Le pape a poursuivi son plaidoyer en faveur des jeunes devant les autorités politiques et civiles du pays, les incitant à être "vigilants" et à choisir une croissance économique profitant "à tout le monde".

Reprenant son combat antilibéral, le pape argentin a rejeté "un modèle économique idolâtre qui ressent le besoin de sacrifier des vies humaines sur l’autel de la spéculation et de la simple rentabilité, qui ne prend en compte que l’avantage immédiat au détriment de la protection des plus pauvres, de l’environnement et de ses ressources".

Le secteur des services financiers est la première activité de l’île, qui attire des milliers de fonds d’investissements, banques et sociétés offshore.

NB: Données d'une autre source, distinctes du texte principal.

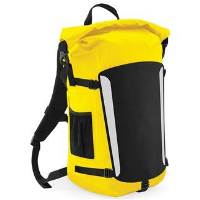 SLX&#174; 25 litre waterproof backpack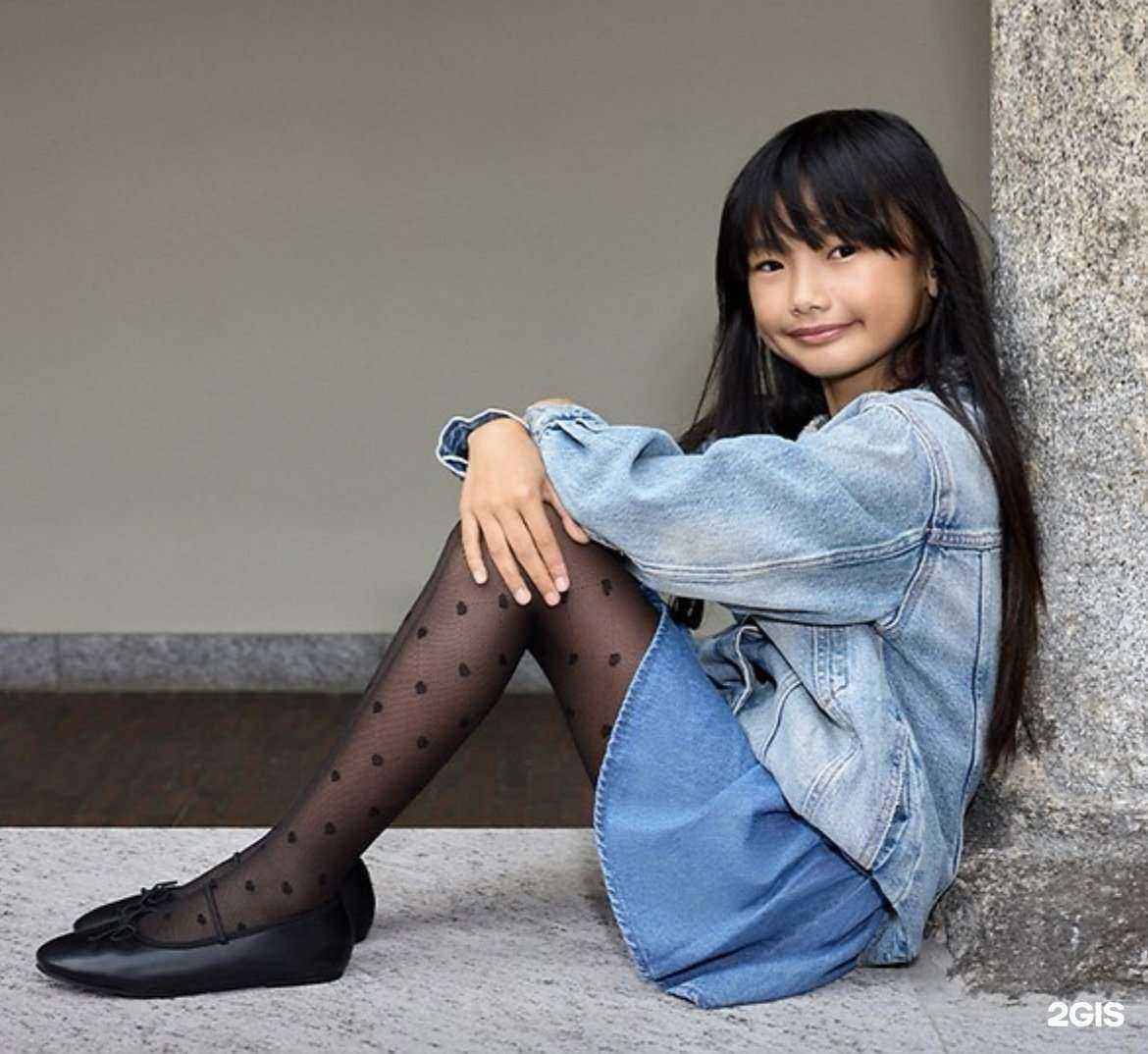 Отзывы на компанию Calzedonia в г. Барнаул c фото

La petite république de 1,3 million d’habitants est majoritairement hindoue (52%), mais compte 30% de chrétiens, principalement catholiques, et 18% de musulmans.

Le pape a aussi voulu exalter une société multiculturelle et multiconfessionnelle, née des colonisations, de l’esclavage et de migrations successives d’Europe, d’Afrique, d’Inde et de Chine. Une excellente raison selon lui pour accueillir au mieux une nouvelle vague de migrants économiques employés dans l’île, principalement originaires du Sri Lanka et du Bangladesh.

"L’ADN de votre peuple garde la mémoire de ces mouvements migratoires qui ont conduit vos ancêtres jusque sur cette île", a noté le pape, qui avait débuté mercredi une tournée africaine l’ayant également mené au Mozambique et à Madagascar, deux des pays les plus pauvres au monde.

"C’est pourquoi je vous encourage, dans la fidélité à vos racines, à relever le défi de l’accueil et de la protection des migrants qui aujourd’hui viennent ici pour trouver un travail".

– Pèlerinage –

La visite de François coïncide avec le 155e anniversaire de la mort de Jacques Désiré Laval, prêtre français décédé le 9 septembre 1864 et béatifié en 1979 par Jean Paul II. Un pèlerinage lié à ce missionnaire rassemble chaque année 100.000 personnes.

Le souverain pontife s’est recueilli sur la tombe du père Laval, considéré comme "l’apôtre des Noirs" et "l’apôtre de l’unité mauricienne". Celui-ci évangélisa au XIXe siècle les esclaves qui venaient d’être libérés et dont les descendants créoles forment la majorité des catholiques mauriciens.

"Sa sollicitude le porta à faire confiance aux plus pauvres et aux personnes rejetées", selon le pape.

L’évêché a invité les Mauriciens à planter en l’honneur du pape au moins 100.000 arbres. "Ces plantes seront pour nous un rappel de votre invitation constante à écouter à la fois le cri des pauvres et le cri de la nature", a expliqué le cardinal Maurice Piat, évêque de Port-Louis.

Le pape, très engagé sur la préservation de la planète, a béni plusieurs plantes endémiques avant de rentrer à Madagascar. Maurice était la dernière étape de sa tournée africaine et il devait retourner mardi à Rome.